Allerdings sieht auch Mereschko, dass die Ukraine für Trump nicht unbedingt an erster Stelle stehe und dass er allgemein eher zu den Präsidenten zähle, für die Innenpolitik im Vordergrund stehe. “Aber das Leben zwingt einen Präsidenten manchmal dazu, sich mehr mit außenpolitischen Fragen zu beschäftigen”, so Merezhko. Auch andere sehen in Trumps Wahl eine Chance: Eine Fortführung des Status quo mit immer nur begrenzten Militärhilfen durch die Biden-Administration hatte der Ukraine zuletzt wenig geholfen. Russland ist seit einem Jahr militärisch auf dem Vormarsch.
“Wir werden uns auf Verhandlungen für ein Kriegsende einstellen müssen”

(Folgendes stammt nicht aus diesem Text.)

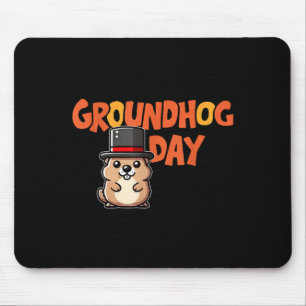 Funny Happy Groundhog Day February 2nd Phils Holid Mouse Mat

“Das ist nicht das schlechteste Ergebnis”, gibt auch der Kiewer Politikwissenschaftler Wolodymyr Fesenko gegenüber dem stern zu bedenken. Viel schlimmer für die Ukraine wäre eine politische Krise in den USA aufgrund einer politischen Blockade eines demokratisch geführten Weißen Hauses und eines republikanischen Kongresses gewesen. Ein Präsident Trump bedeute für die Ukrainer bestimmte Risiken, glaubt Fesenko. Dazu gehöre, dass sich die Art der Unterstützung für die Ukraine ändern könnte: Statt Militärhilfen könnte Trump der Ukraine anbieten, Rüstungsgüter von den USA auf Kredit zu kaufen. Zugleich könnte die direkte finanzielle Hilfe für den ukrainischen Haushalt eingestellt werden. “Und wir werden uns auf den Beginn von Verhandlungen für ein Ende des Kriegs einstellen müssen. Auch wenn es dabei kein schnelles Ergebnis geben wird.”

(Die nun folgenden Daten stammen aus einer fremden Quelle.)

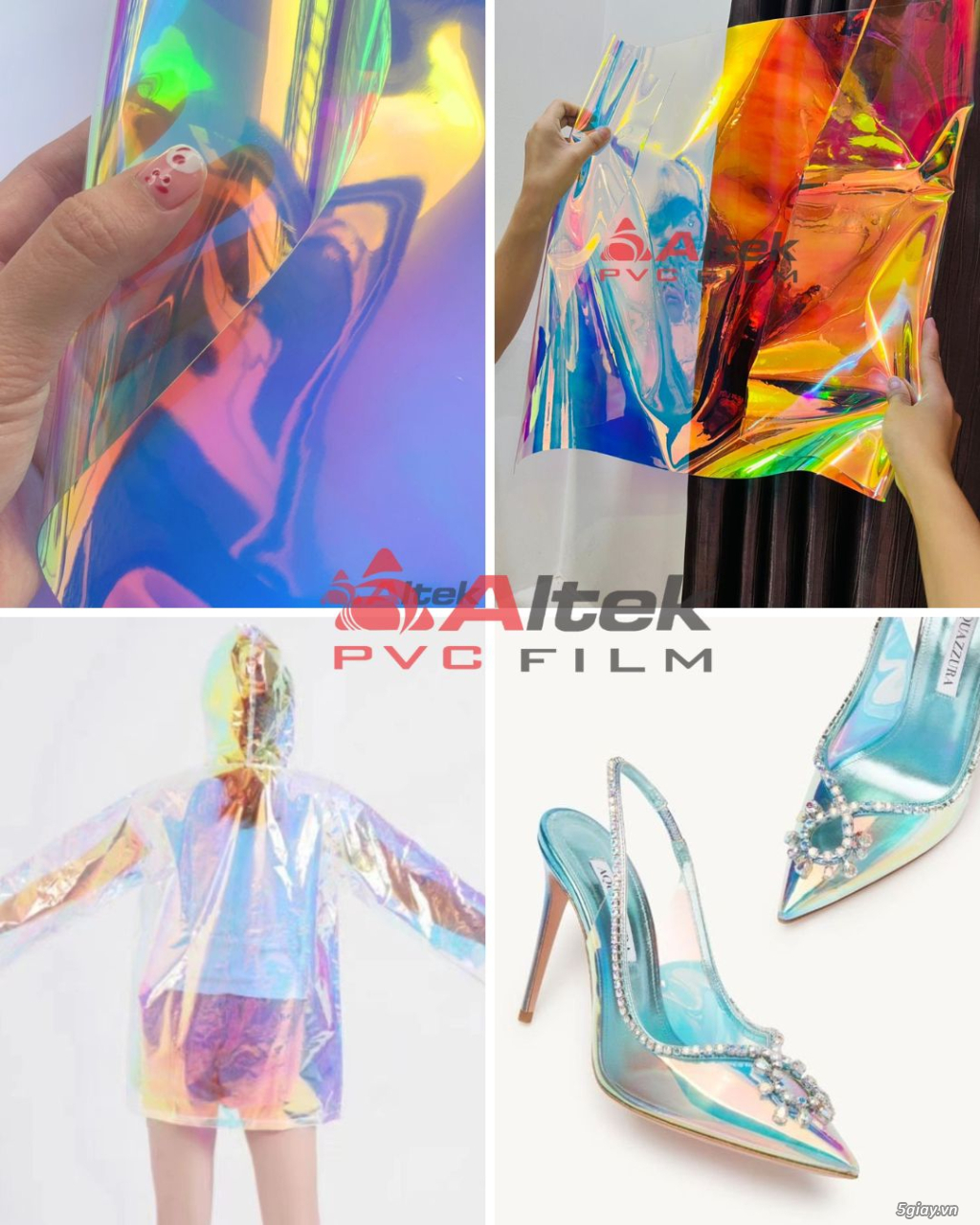 Màng nhựa PVC Hologram 7 màu giá tốt tại kho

Trumps Ankündigung, den Krieg in der Ukraine “innerhalb von 24 Stunden” beenden zu können, ohne zu erklären, wie er das erreichen will, gehört zu den größten Risiken für die Ukrainer. Zuletzt hatte die “Financial Times” unter Berufung auf dessen Umfeld berichtet, Trump schwebe ein “Einfrieren” des Konflikts entlang der jetzigen Frontlinie vor. Und beunruhigend für die Ukrainer ist das offenbar enge Verhältnis Trumps zum russischen Präsidenten Wladimir Putin: US-amerikanische Medien hatten zuletzt berichtet, Trump habe seit seiner Abwahl 2019 siebenmal privat mit Putin telefoniert.

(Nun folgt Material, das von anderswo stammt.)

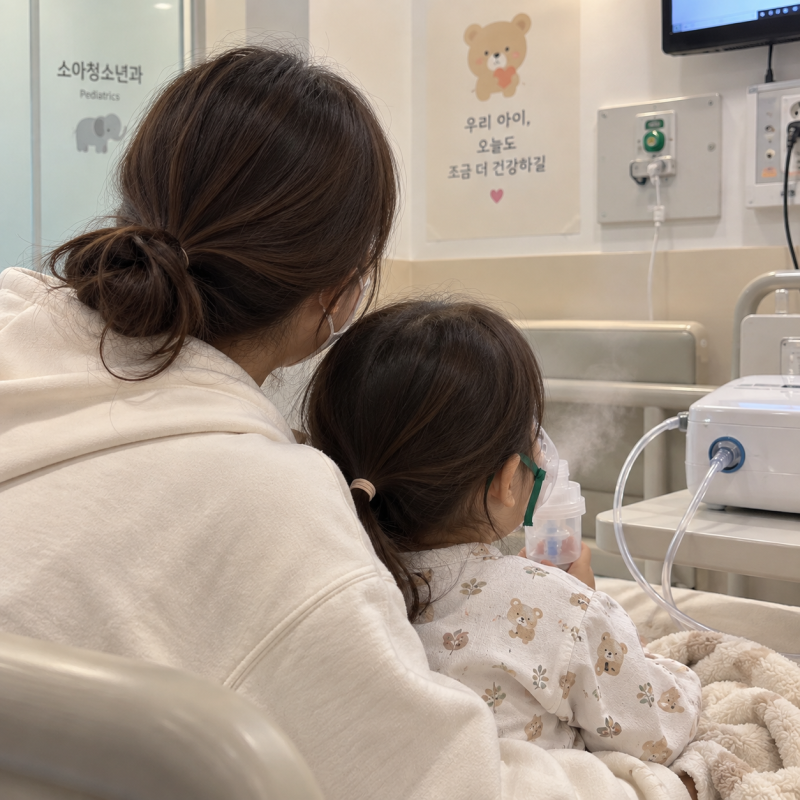 아기 후두염 폐렴으로? 소아과에서 들은 이야기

Ihor, ein Soldat, der seit der ersten Kriegswoche gegen die russischen Invasoren kämpft und gerade wieder im Auto zum Einsatz im Osten unterwegs ist, sagte dem stern: “Der sehr verehrte Herr Biden redet mehr als er tut, und wir haben ihn schon satt. Aber Trump ist halt ein Verrückter. Deshalb muss man fürchten, dass er unüberlegte Dinge tut. Aber wir und ich ganz besonders freuen uns, dass sich schneller entscheidet, wie dieser Krieg ausgeht. Trump wird sich kategorisch entscheiden, entweder zu unseren Gunsten oder eben nicht.”